Work required
Go to the line with "Mc2 Saint Barth" in the records below, then output it and each following line exactly, up to and including the line with "Pixel 4XL StrongFit". Skip pictures and add nothing.

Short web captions
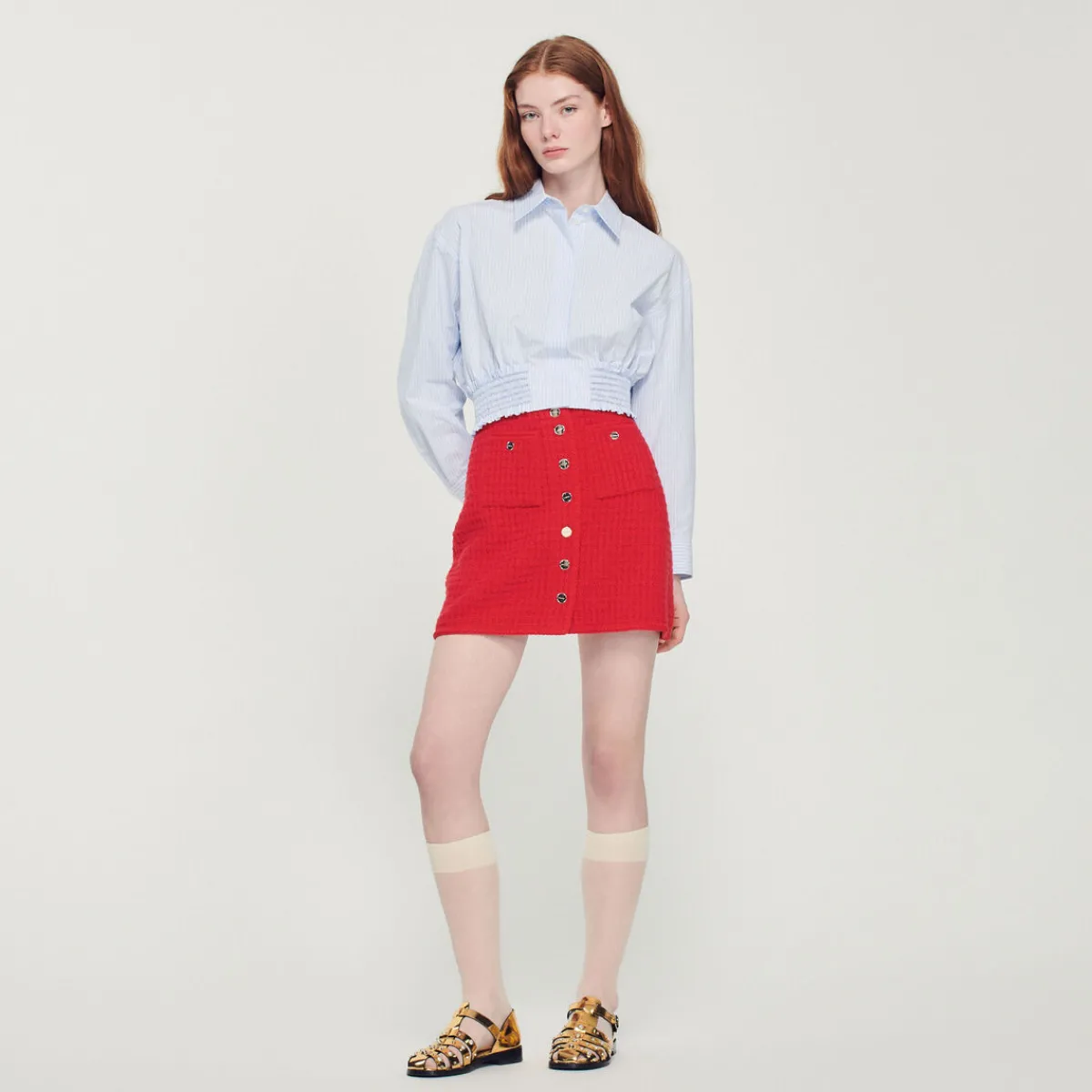 Cheap Short Knitted Skirt Women Matching Sets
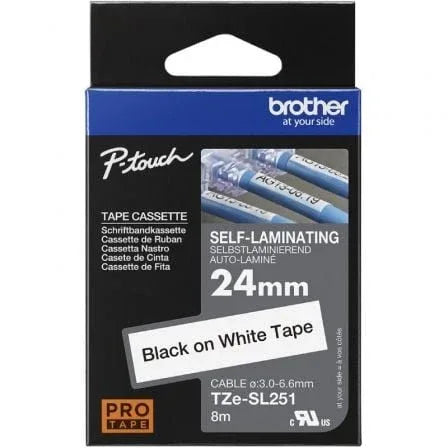 Cinta Laminada Original Rotuladora Brother TZe-SL251/ Blanca - PixelPlaza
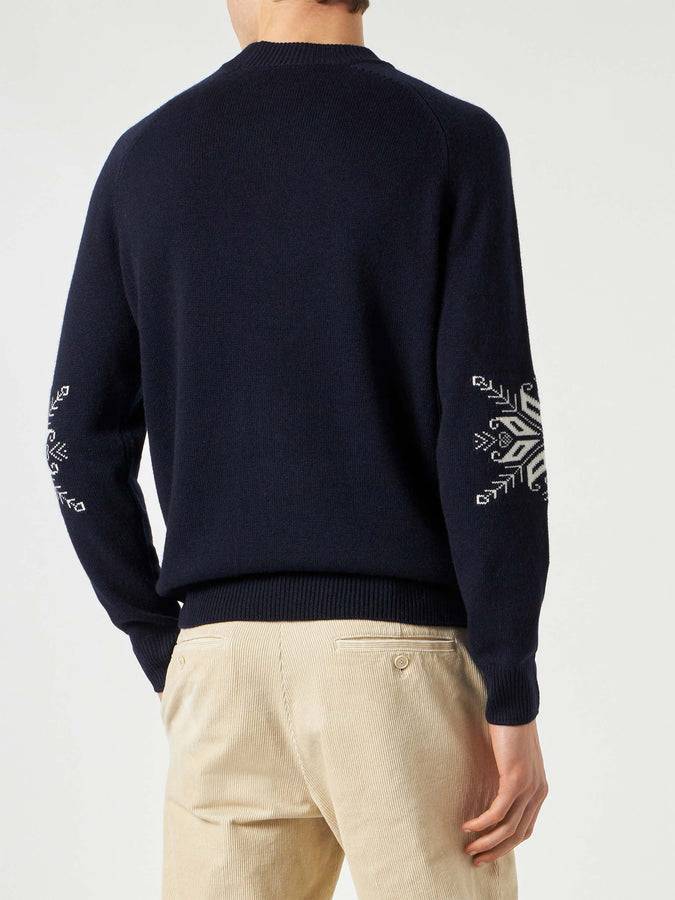 Mc2 Saint Barth Maglia Da Uomo Mezzo Collo Blu Navy Con Stampa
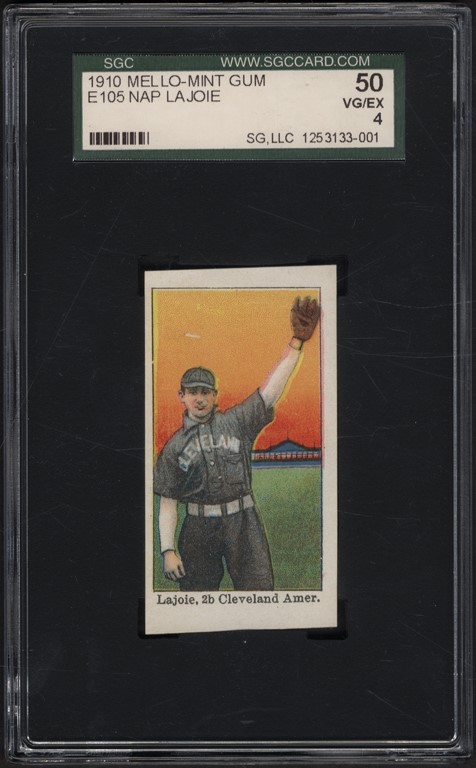 1910 E105 Nap Lajoie Mello-Mint Gum SGC 4 VG-EX with Wrapper and Gum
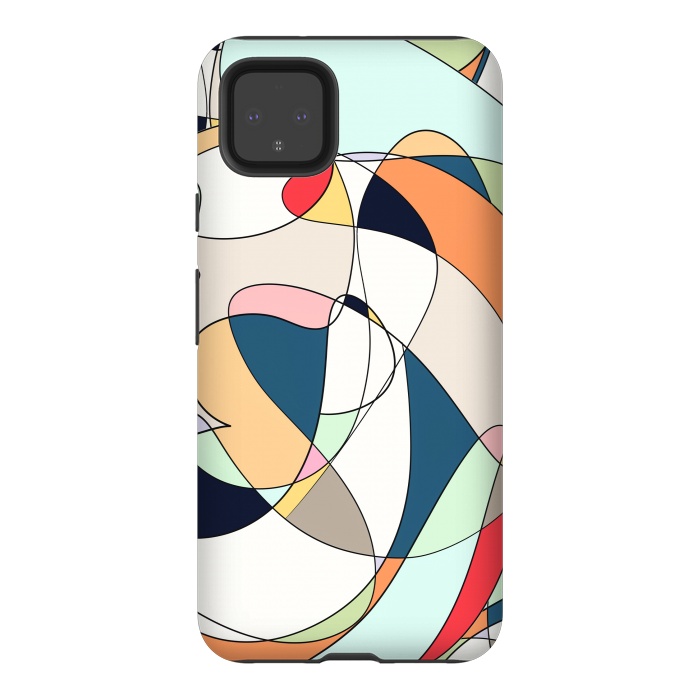 Pixel 4XL StrongFit Modern Colorful Abstract Line Art Design by InovArts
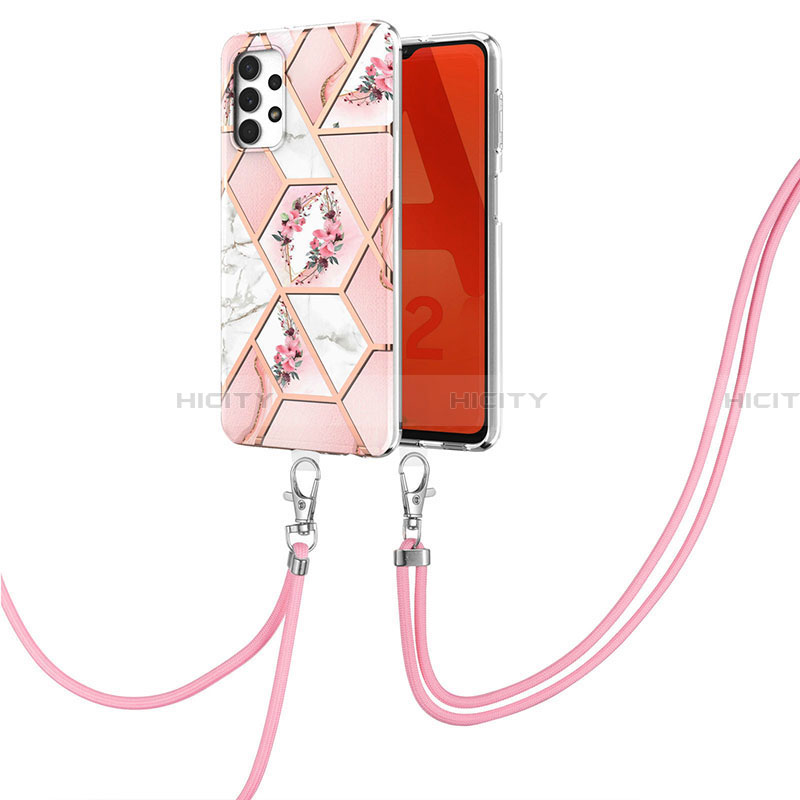 Handyhülle Silikon Hülle Gummi Schutzhülle Flexible Modisch Muster mit Schlüsselband Lanyard Y02B für Samsung Galaxy A32 4G Rosa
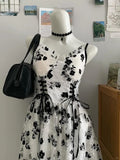 Princess Spaghetti Strap Sweetheart Neck Lace Black Floral A-Line Homecoming Dress HZ1022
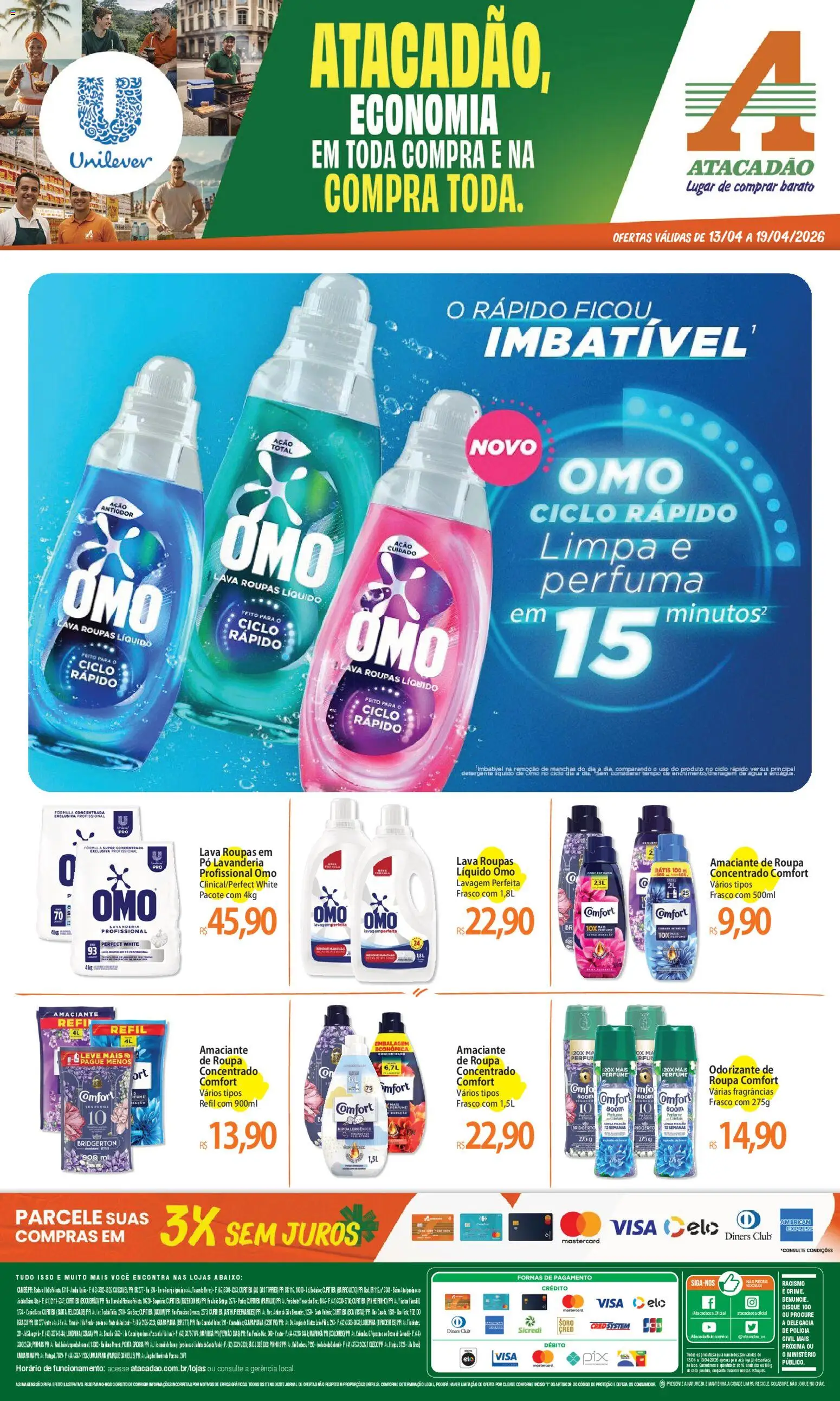 Pré-Visualização do folheto "Atacadão ofertas - PR" da loja Atacadão válido a partir de 13/04/2026 - Pá, Perfume, Roupas, Ração, Amaciante, Pó, Omo líquido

Task result
 Mc2 Saint Barth Maglia Da Uomo Mezzo Collo Blu Navy Con Stampa
 1910 E105 Nap Lajoie Mello-Mint Gum SGC 4 VG-EX with Wrapper and Gum
 Pixel 4XL StrongFit Modern Colorful Abstract Line Art Design by InovArts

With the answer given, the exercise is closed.